This age of technology has, in many cases, created the 24/7 work day and the virtual “office” that is no longer constrained by the walls and ceilings of your company’s office building. Many employees can remotely access e-mail through their computer or a smartphone device. This presents a problem when non-exempt employees are working after hours and the employer doesn’t necessarily know that the work is being performed.
Take, for example, the supervisor who sends work-related e-mails to one of her subordinate employees, and then that employee looks at and responds to the e-mails from his stadium seat at halftime of a Boise State University football game on a Saturday afternoon. Is that “work” that must be recorded and compensated?
Requirements for Compensating Employees who Work After Hours
There are two principles at play here. First, the federal Fair Labor Standards Act (FLSA) requires that covered employees must be compensated for all work performed. Second, however, is the “de minimus” doctrine, which generally allows employers to ignore (i.e., not compensate for) otherwise compensable work of a few seconds or minutes beyond the employee’s scheduled working hours. A federal court in Florida recently issued an interesting opinion that addressed the interplay between these long-standing principles and an employee’s rather common use of technology.
In Lewis v. The Keiser School (Southern District of Florida), plaintiff was a non-exempt employee. However, she was paid a bi-weekly salary for a 40-hour workweek. In her lawsuit, she claimed (among other things) that she was not compensated for sending lunchtime and after-hours e-mails. Relying on the de minimus doctrine, the court rejected that claim. In its opinion, the court held that the e-mails were not lengthy and could not have taken more than a few minutes to draft and send. As a result, the time Lewis spent sending e-mails at lunch was de minimus as a matter of law.
The court made a point to note that the employee “clocked herself in and out and accounted for her own time,” and that she did not present any evidence that the company “forced her to clock out and continue working through lunch.” Thus, the court found that “it makes no sense to say that the company should have paid Lewis for drafting and sending e-mails at times that she herself indicated she was clocked out or taking lunch.”
The lesson for employers to learn from the above case is this: If your company does not have a mechanism for non-exempt employees to track and report time spent both during and after working hours, then your company has no way to prove that the time an employee spent checking e-mail after work was minimal. The burden is always on the employer to show what hours were worked, and only a required reporting/supervisor monitoring system for tracking time will give the employer the edge needed to contest any future wage claims.
INSIGHTS FOR EMPLOYERS
- Consider only giving exempt employees company-issued smartphones and/or access to the company’s e-mail from outside of the office.

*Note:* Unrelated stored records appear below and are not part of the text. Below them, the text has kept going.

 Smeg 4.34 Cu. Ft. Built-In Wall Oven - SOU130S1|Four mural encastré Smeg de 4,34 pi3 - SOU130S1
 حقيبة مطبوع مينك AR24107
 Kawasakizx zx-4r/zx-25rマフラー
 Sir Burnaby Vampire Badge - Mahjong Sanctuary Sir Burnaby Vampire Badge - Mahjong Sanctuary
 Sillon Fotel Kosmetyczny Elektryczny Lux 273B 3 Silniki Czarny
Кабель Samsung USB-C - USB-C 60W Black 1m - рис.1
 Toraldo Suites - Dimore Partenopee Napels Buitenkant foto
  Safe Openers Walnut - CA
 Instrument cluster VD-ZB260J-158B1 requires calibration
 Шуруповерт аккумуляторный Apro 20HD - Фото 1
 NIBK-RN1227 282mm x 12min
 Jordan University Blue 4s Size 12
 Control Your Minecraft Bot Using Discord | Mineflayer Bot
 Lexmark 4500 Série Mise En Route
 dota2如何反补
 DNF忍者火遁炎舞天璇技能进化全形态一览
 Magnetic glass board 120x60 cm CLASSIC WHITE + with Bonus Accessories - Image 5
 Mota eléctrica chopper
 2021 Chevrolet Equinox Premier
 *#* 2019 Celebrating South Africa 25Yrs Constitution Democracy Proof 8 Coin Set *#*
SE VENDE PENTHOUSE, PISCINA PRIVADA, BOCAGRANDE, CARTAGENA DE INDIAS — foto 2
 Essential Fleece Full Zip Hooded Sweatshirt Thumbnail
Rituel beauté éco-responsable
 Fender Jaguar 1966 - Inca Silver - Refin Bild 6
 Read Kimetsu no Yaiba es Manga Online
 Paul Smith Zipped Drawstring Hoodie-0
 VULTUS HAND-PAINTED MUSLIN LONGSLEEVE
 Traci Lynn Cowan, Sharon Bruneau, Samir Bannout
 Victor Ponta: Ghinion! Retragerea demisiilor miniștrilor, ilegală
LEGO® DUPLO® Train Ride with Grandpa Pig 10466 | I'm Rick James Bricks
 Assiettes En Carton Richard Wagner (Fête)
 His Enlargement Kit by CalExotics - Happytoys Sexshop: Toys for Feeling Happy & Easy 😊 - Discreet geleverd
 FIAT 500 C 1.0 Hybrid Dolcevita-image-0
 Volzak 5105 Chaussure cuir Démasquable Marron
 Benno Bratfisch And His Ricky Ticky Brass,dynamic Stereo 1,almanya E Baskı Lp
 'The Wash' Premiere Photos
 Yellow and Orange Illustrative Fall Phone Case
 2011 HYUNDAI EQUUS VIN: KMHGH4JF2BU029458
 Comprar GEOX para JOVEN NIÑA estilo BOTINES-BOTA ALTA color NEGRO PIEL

- If non-exempt employees are given smartphones and e-mail access outside of the office, implement a written policy regarding after hours work. Employers should counsel supervisors to be cautious about sending e-mails to non-exempt employees outside of working hours or instruct non-exempt employees that they are not required to respond to such e-mails.
- Require employees to accurately record their time spent working both during and after working hours.
- HR and payroll should monitor and ensure supervisors are enforcing the policy.
- If the policy is not followed, counsel and discipline both the employee and the supervisor (but know that the employer will still be obligated to pay the employee for actual time worked, including overtime when required).